Vinícius Lisboa - Repórter da Agência Brasil

 

A um mês da abertura dos Jogos Olímpicos do Rio de Janeiro, o presidente do Comitê Rio 2016, Carlos Arthur Nuzman, os ministros Leonardo Picciani, do Esporte, e Alexandre de Moraes, da Justiça, e o prefeito Eduardo Paes defenderam os legados que a competição deixará para a cidade. Eles participaram da inauguração de uma nave do conhecimento ao lado do Estádio Olímpico Engenhão.

Na oportunidade, o prefeito, mais uma vez, criticou "especialistas palpiteiros", que, segundo ele, desconhecem áreas menos turísticas da cidade. "Me causa indignação", disse o prefeito, que fez uma apresentação sobre obras na cidade, como os corredores do BRT (do inglês Bus Rapid Transit, Transporte Rápido por Ônibus),  a revitalização da Praça Mauá e a construção do novo Elevado do Joá. Para Eduardo Paes, tais obras não são para a Olimpíada, mas não seriam construídas sem ela.

"[O Rio] é uma cidade com menos defeitos hoje do que tinha antes dos Jogos Olímpicos", disse Paes, que afirmou que os turistas não devem vir para a cidade esperando encontrar Nova York, Chicago ou Londres.

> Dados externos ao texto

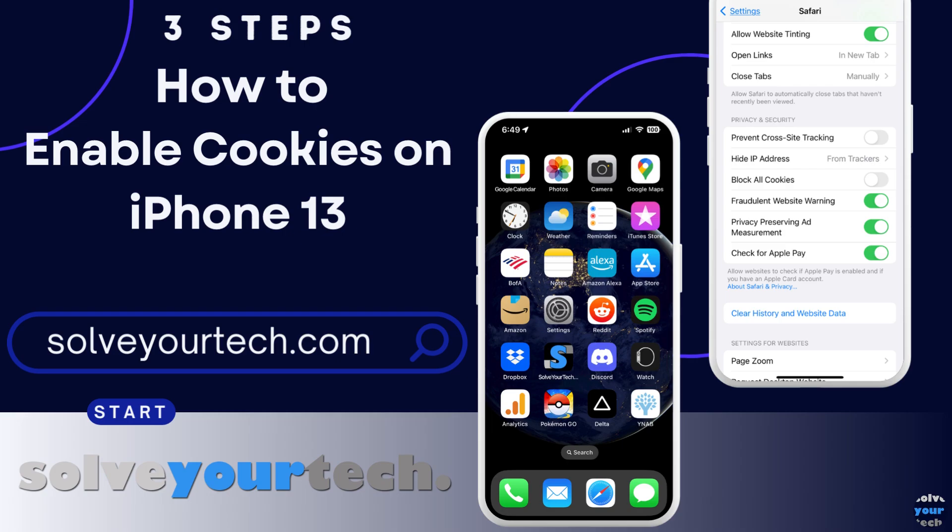We're going to start with a brief overview of the entire process, then we're going to go through each of the steps individually. Be sure to like this video and subscribe to our channel to see more tech guides like this one.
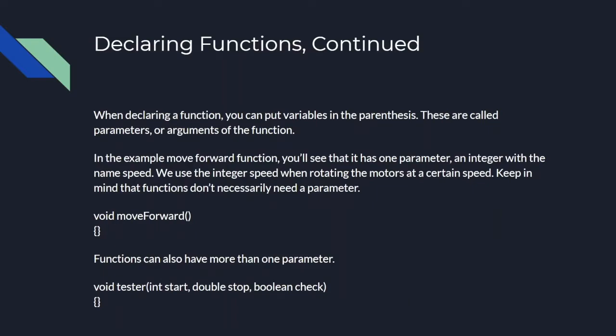The variables you put in the parentheses after the name of the function are called parameters or arguments, and you separate them through commas. Functions don't necessarily need parameters, but if you want to give them a value from the main, normally you'll have to use them. If you see in the previous slide, you'll see that we use the parameter speed to turn on the motors at that speed. Now when you call the function in main, you can simply pass a value for speed and it will rotate at that speed.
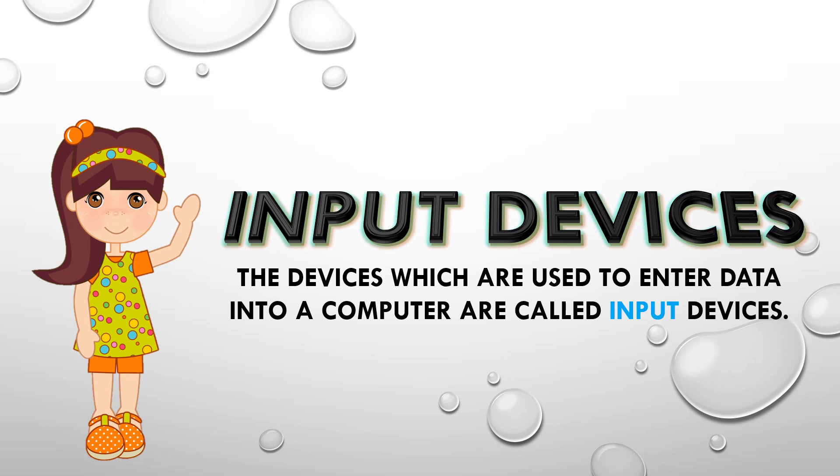The devices which are used to enter data into a computer are called input devices. So whatever device we need to enter anything into the computer, whether it is letters, numbers, pictures or sound, they all are known as input devices. The most common input devices are a keyboard.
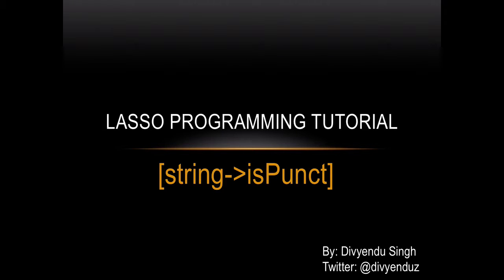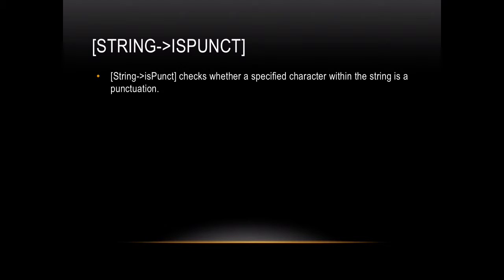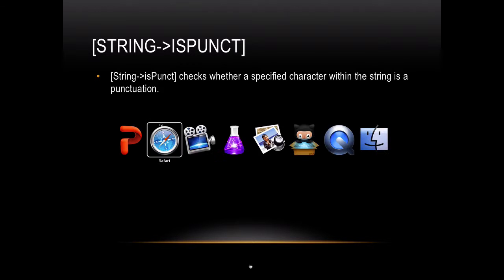I would like to talk about the ispunct function of the string object in Lasso programming. This function checks whether the specific character within the string is a punctuation or not.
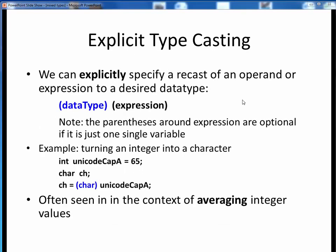The converse of implicit typecasting is explicit typecasting. Here, the developer explicitly specifies the desired data type of some expression or calculation by preceding it with that data type within parentheses. For example, the ASCII or Unicode value for capital A is 65. To turn that numeric character code into a char letter symbol, all we need to do is apply an explicit typecast within parentheses, casting an int value into its corresponding char.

O presidente do Comitê Rio 2016, que também preside o Comitê Olímpico do Brasil, disse que os Jogos do Rio passam a mensagem de que "todos podem organizar olimpíadas. "Sou um árduo defensor dos jogos em todos os continentes. Mais pobres, mais ricos, mas estando adaptados à região e à realidade de cada um", afirmou Nuzman.

Para o ministro do Esporte, Leonardo Picciani, o Rio será o epicentro, mas o Brasil inteiro realizará os Jogos Olímpicos. "Estamos inteiramente prontos para iniciar os jogos."